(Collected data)
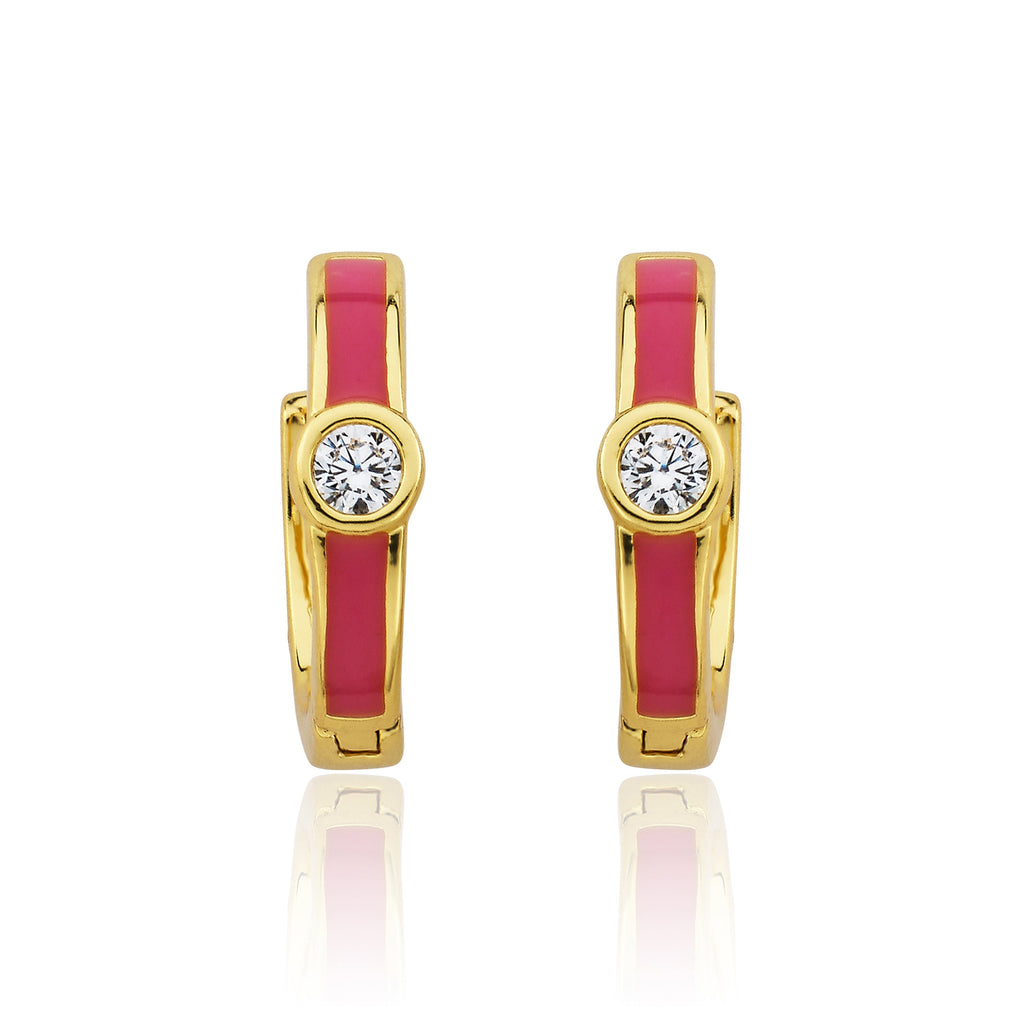 Cz Enamel Huggy Earring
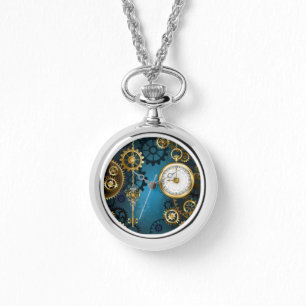 Reloj De Pulsera Fondo turquesa de vapor con engranajes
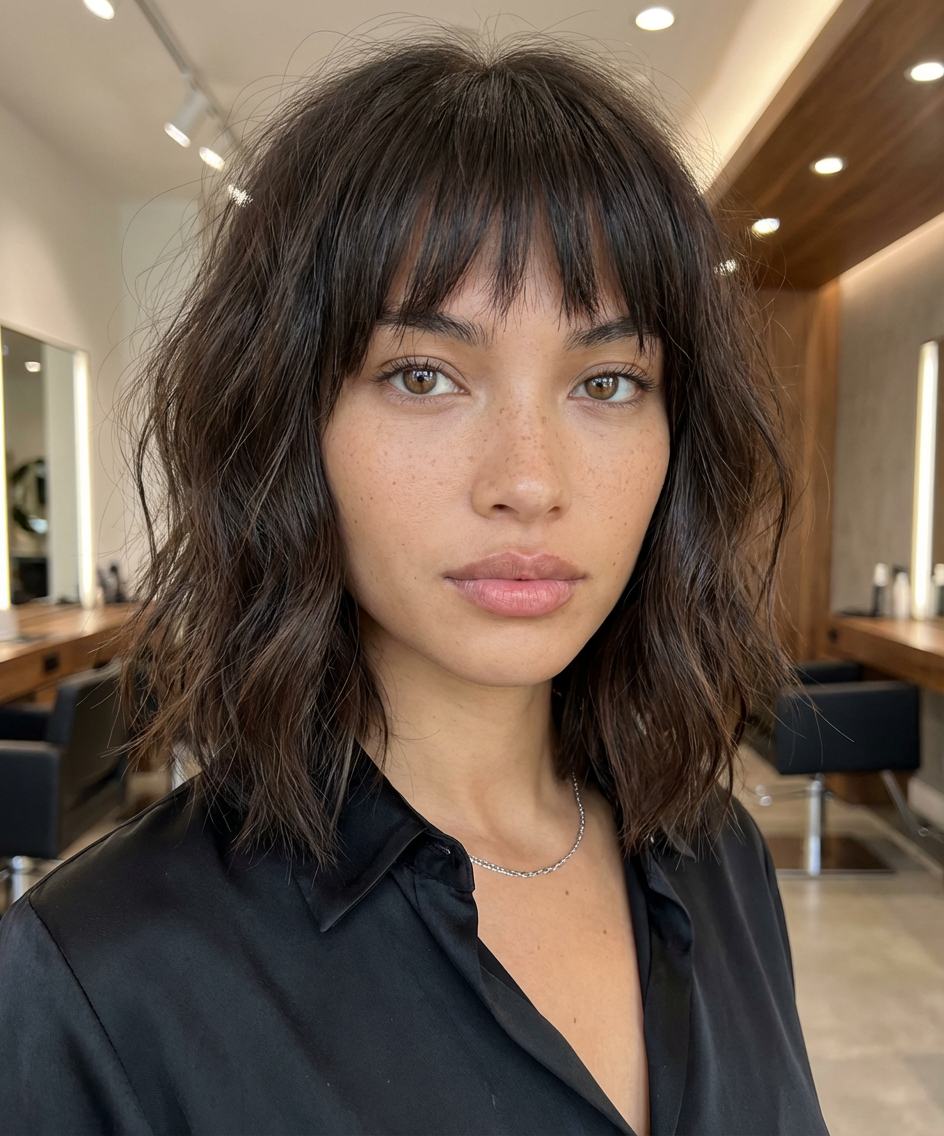 Salon close-up of woman with shoulder-length wavy dark hair and soft choppy bangs framing her face, generated by blondefilter.net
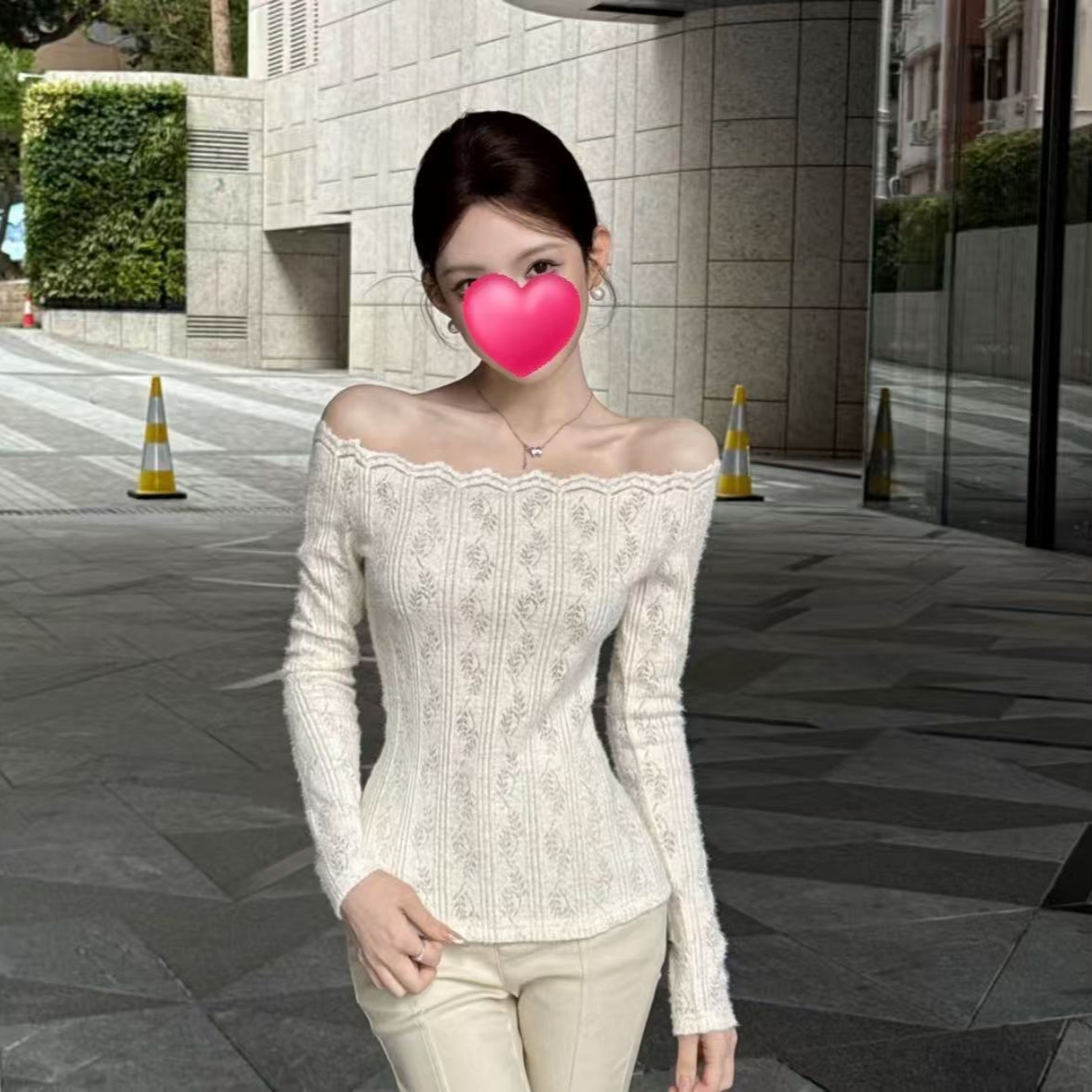 粉红PINK丨“高知御姐”ins风气质一字领修身蕾丝上衣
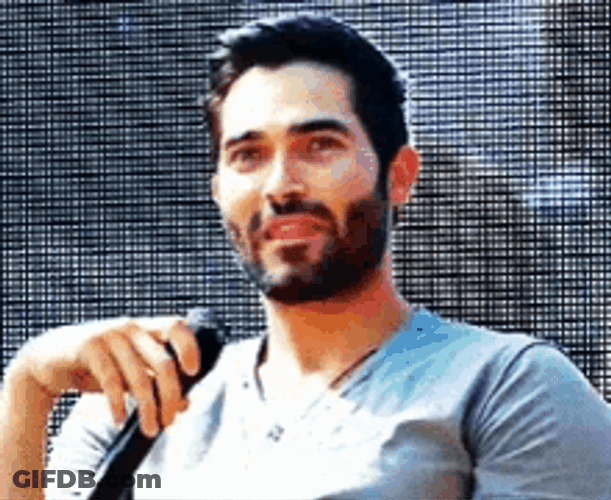 Derek Hale Mean Mug Interview Microphone GIF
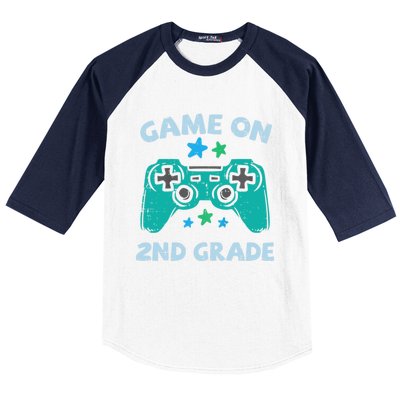 Gaming Game On 2Nd Grade Second First Day School Gamer Gift Baseball Sleeve Shirt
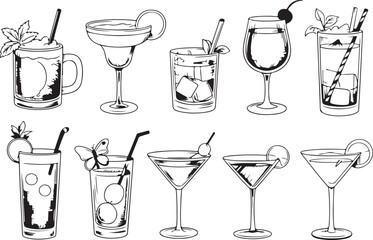 Variety of Cocktails and Drinks Black and White Vector Set
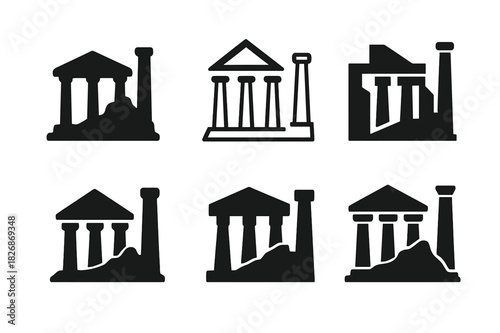 Pompeii Icon Set. Famous archeological discoveries and their significance. Icon set. Set Logo of Pompeii ruins: preserved Roman buildings and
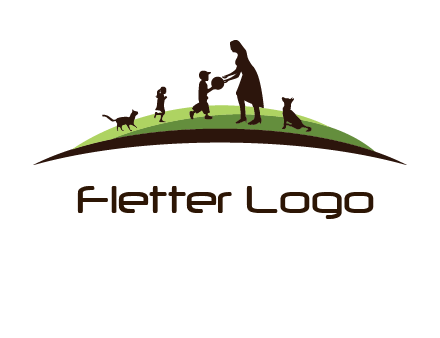 animals children playing with teacher illustration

Problem to work on:
The answer should be an exact restatement of every entry, with the pictures omitted.

Answer to this problem:
 Cz Enamel Huggy Earring
 Reloj De Pulsera Fondo turquesa de vapor con engranajes
 Salon close-up of woman with shoulder-length wavy dark hair and soft choppy bangs framing her face, generated by blondefilter.net
 粉红PINK丨“高知御姐”ins风气质一字领修身蕾丝上衣
 Derek Hale Mean Mug Interview Microphone GIF
 Gaming Game On 2Nd Grade Second First Day School Gamer Gift Baseball Sleeve Shirt
 Variety of Cocktails and Drinks Black and White Vector Set
 Pompeii Icon Set. Famous archeological discoveries and their significance. Icon set. Set Logo of Pompeii ruins: preserved Roman buildings and
 animals children playing with teacher illustration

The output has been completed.